For Shopify D2C, also need:

  • Outer shipping box (branded) — $0.50-$2.00 per shipment
  • Tissue paper or wrapping — $0.10-$0.30 per shipment
  • Thank-you note — handwritten or printed, $0.05-$0.20 per shipment

Day 45-75: Production and quality control

Once PO is placed:

  • Bulk production: 25-45 days for 100-300 piece OEM run.
  • Mid-production check (DUPRO): worth doing for first run ($150-$300).
  • Pre-shipment final inspection (FRI): mandatory for first run.
  • Photograph the QC report — useful for marketing and trust-building.

Day 60-85: Brand assets and photography (run parallel)

You'll receive sample-quality bags by Day 50-60. Use these for early photography:

  • Flat product shots: White background, all angles. DIY with iPhone + softbox + white sweep is acceptable.
  • Lifestyle shots: Model wearing the bag, in-context. Hire a photographer + 1-2 models. Budget $500-$2,000 for a half-day shoot.
  • Detail shots: Hardware, lining, stitching. Macro detail tells quality story.
  • Size reference: Bag worn by 5'4" and 5'9" models, with measurements overlay. Critical for online sales.

For Amazon FBA, you'll need at least 7-9 images per SKU at 2000×2000 minimum. For Shopify D2C, 12-20 lifestyle shots create the brand vibe.

Day 75-90: Launch infrastructure

Two days before bulk arrives:

  • Storefront live (Shopify, Amazon listing approved, Etsy shop)
  • Inventory plan: warehouse arrangements, packing materials, return process
  • Customer service plan: email autoresponder, WhatsApp/chat for sales questions, return policy
  • Initial marketing push: pre-launch email list, soft-launch to friends/family for first reviews

Day 90+: Launch and feedback loop

Launch the brand. Set a 30-day measurement window. Track:

  • Sell-through rate by SKU (which sells, which doesn't)
  • Return rate by SKU and reason (sizing, quality, color mismatch)
  • Customer reviews (especially first 20)
  • Marketing channel performance (which ad set / Etsy keyword / Amazon PPC works)

By Day 120, you should have enough data to place second order — typically 2-3x the first order on proven SKUs.

The most common first-launch failures

  1. Too many SKUs at launch. 10+ SKUs with 50 pcs each = no SKU has enough inventory to be findable.
  2. Underbudgeting marketing.

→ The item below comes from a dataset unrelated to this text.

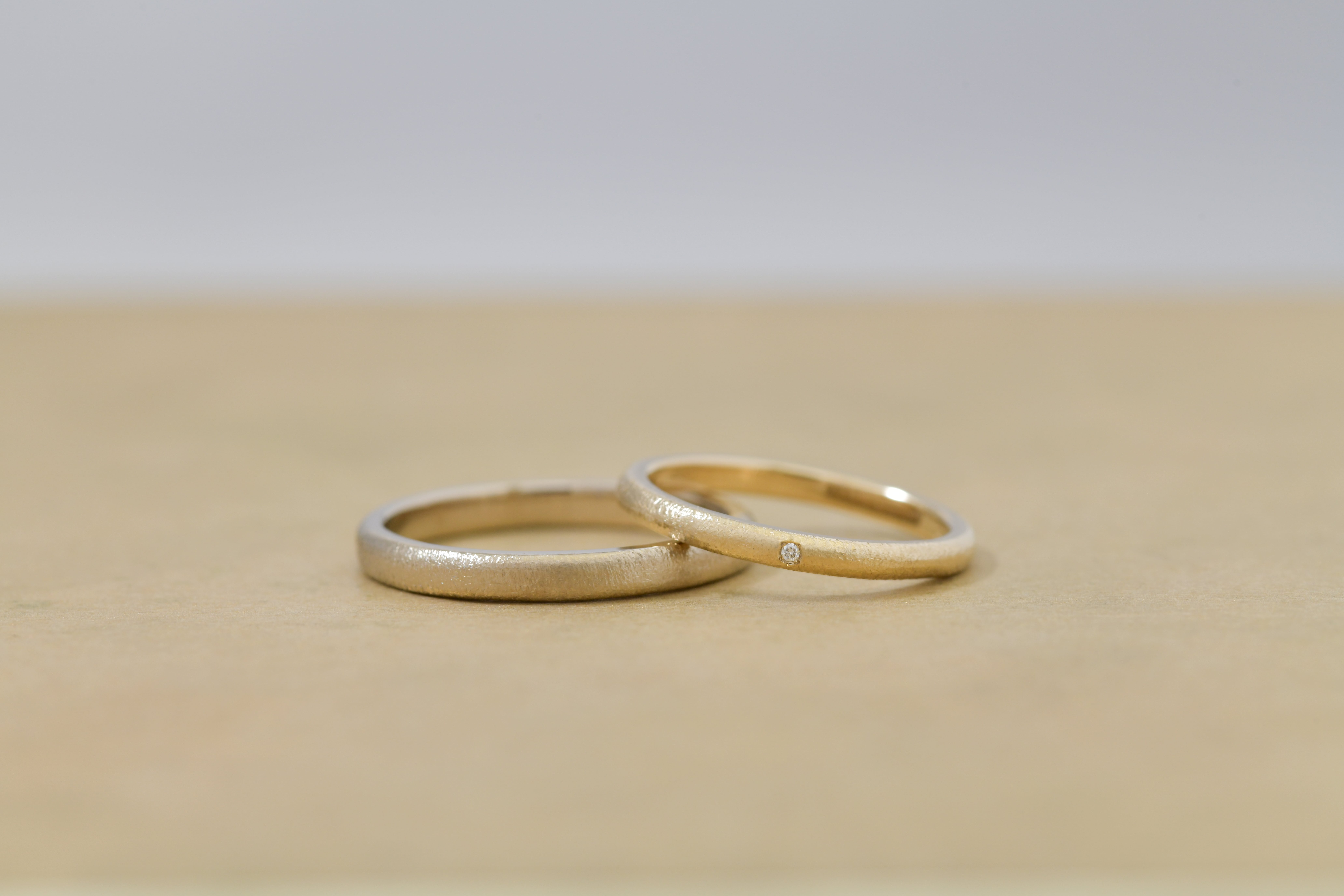 ホワイト＆シャンパンゴールドのマットな結婚指輪 | 結婚指輪手作り作品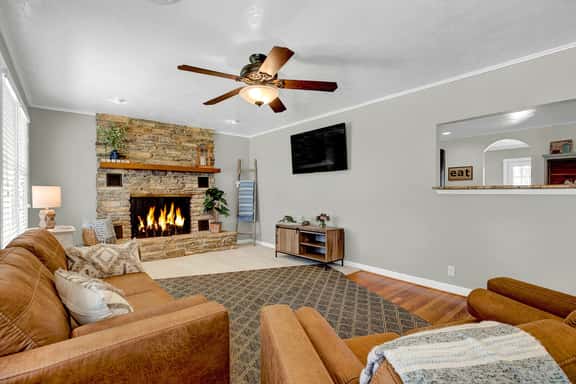 Bell Haus - Hot Tub, Fire Pit & Walk to Main St - Image 1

Product cost is 30-40% of launch budget; marketing/photography should be 30-40% too.
  3. Skipping sample evaluation. Saved $200, lost $3,000 on a misjudged factory.
  4. Weak photography. Even a great bag converts at 1% with bad photography.
  5. No return policy clarity. Hidden cost surprise — international returns cost $15-$40 per bag, you absorb.